L'annonce du projet de budget pour 1982 par Laurent Fabius — qui voulait inclure les œuvres d'art, les objets de collection et les meubles anciens dans l'assiette de l'impôt sur la fortune — a provoqué une très vive réaction des syndicats d'antiquaires et des commissaires-priseurs. Le président de la République ayant finalement tranché en faveur de l'exonération des biens artistiques de l'impôt envisagé, l'Assemblée nationale s'est prononcée dans le même sens. Le ministre du Budget a cependant imposé trois mesures destinées à lutter contre la fraude fiscale : le doublement de la taxe sur les plus-values ; l'obligation de régler par chèque les achats d'objets d'art, antiquités et bijoux supérieurs à 10 000 F ; la communication obligatoire par les compagnies d'assurances des noms des clients qui auront déclaré des objets de collection pour un montant supérieur à 10 000 F.

Très critiquées par les professionnels, ces mesures contraignantes risquent de favoriser les ventes britanniques au détriment des commissaires-priseurs français, déjà pénalisés par une forte disparité fiscale.

Quoi qu'il en soit, la Compagnie des commissaires-priseurs parisiens, logée à l'enseigne du Nouveau Drouot — et dont l'activité représente près de la moitié des ventes publiques françaises —, a réalise pour 1981 un chiffre d'affaires total de 1 milliard 31 millions de F (contre 920 millions l'année précédente), soit une progression de 12,06 % sensiblement au-dessous du chiffre de l'inflation (13,6 %).

Du côté britannique, les deux principales entreprises de ventes n'ont pas davantage progressé en pourcentage.

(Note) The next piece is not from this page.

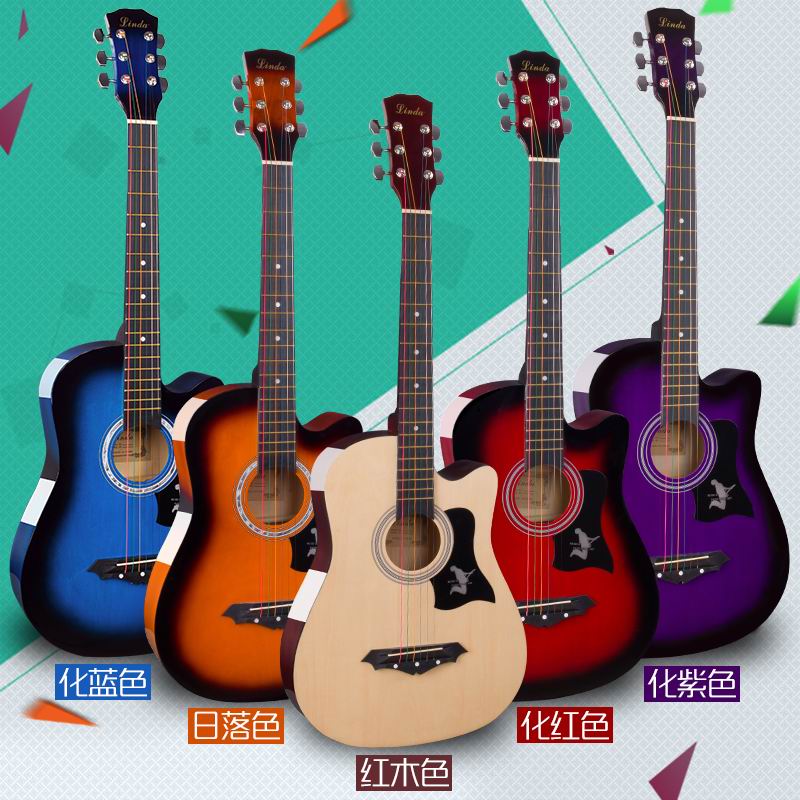 New 38 inch guitar folk guitar beginner guitar student novice exercise piano instrument men and women jita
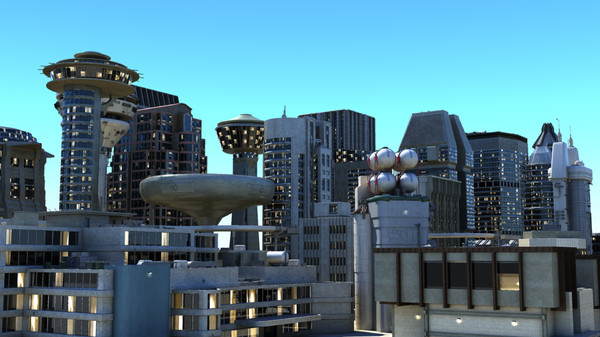 3d res scifi city buildings - High Res Scifi City by dastolidigital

Ce coup d'arrêt à l'expansion — qui était jusqu'alors de 20 % par an — s'explique moins par le manque de disponibilités financières des acheteurs que par l'absence de grandes collections à disperser sur le marché. Cette rétention contient cependant un facteur positif, puisqu'elle exprime la certitude des détenteurs d'œuvres d'art et d'antiquités que leurs biens vont continuer à se valoriser. Dans un domaine où la demande est toujours plus forte qu'une offre qui s'amenuise, il arrive un moment où les investisseurs n'hésitent pas à y mettre le prix avec l'espoir de nouvelles plus-values. Mais, dans le même temps, certains vendeurs se montrent trop exigeants : ils imposent aux commissaires-priseurs un prix de réserve si élevé que, faute d'enchères suffisantes, l'œuvre est finalement restituée à son propriétaire trop gourmand.

Fermeté

Ce phénomène a été particulièrement sensible au cours des grandes ventes de tableaux modernes. C'est ainsi qu'à Londres une toile de Kandinsky (vendue 50 000 livres en 1964), remise sur le marché le 29 mars 1982, a provoqué une montée d'enchères jusqu'à 1 250 000 livres, mais elle fut finalement rendue à son propriétaire qui en voulait encore davantage.

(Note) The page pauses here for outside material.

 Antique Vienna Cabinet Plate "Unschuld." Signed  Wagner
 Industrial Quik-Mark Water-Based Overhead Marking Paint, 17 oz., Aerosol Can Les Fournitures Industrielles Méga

Cependant, chaque fois que des œuvres de qualité sont mises en vente sans prix de réserve excessifs, les enchères obtenues traduisent la fermeté de la demande.

Dans le domaine des tableaux anciens, où les écoles flamande et française du xviiie s. restent en faveur, le choix des amateurs se porte davantage sur les qualités propres de l'œuvre et sur sa valeur documentaire que sur la notoriété du signataire.

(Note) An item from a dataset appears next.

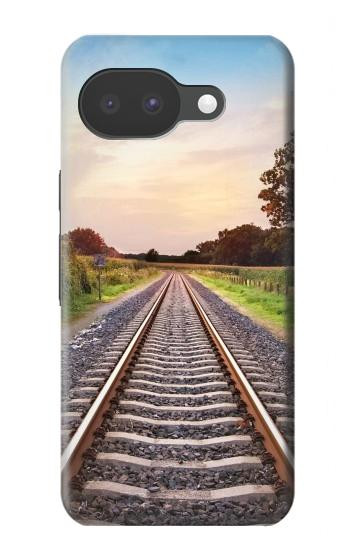 S3866 鉄道直線線路 Railway Straight Train Track Google Pixel 10a バックケース、フリップケース・カバー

Parmi les valeurs refuges, l'argenterie ancienne, les bijoux et les boîtes en or, les montres et chronomètres perfectionnés comme tous les objets précieux de faible volume ont trouvé preneurs aux plus hauts cours, surtout lorsqu'ils présentaient une originalité particulière. Le record français pour 1981 a été enregistré à Versailles avec un pot à oille en argent à côtes torses adjugé 1 080 000 F. Dans la plupart des secteurs, les acheteurs ont contribué à la montée des enchères, et souvent en dépit des interdictions d'exportation qui freinent la pression de la demande. Un amateur chinois a enlevé pour 1 900 000 F une grande jarre en porcelaine blanche de l'époque Yuan (xive s.), présentée à Enghien le 6 décembre 1981. Un mois plus tôt, c'est un collectionneur japonais qui poussait à 600 000 F une estampe de Momokawa Choki représentant une jeune femme se fardant devant un miroir.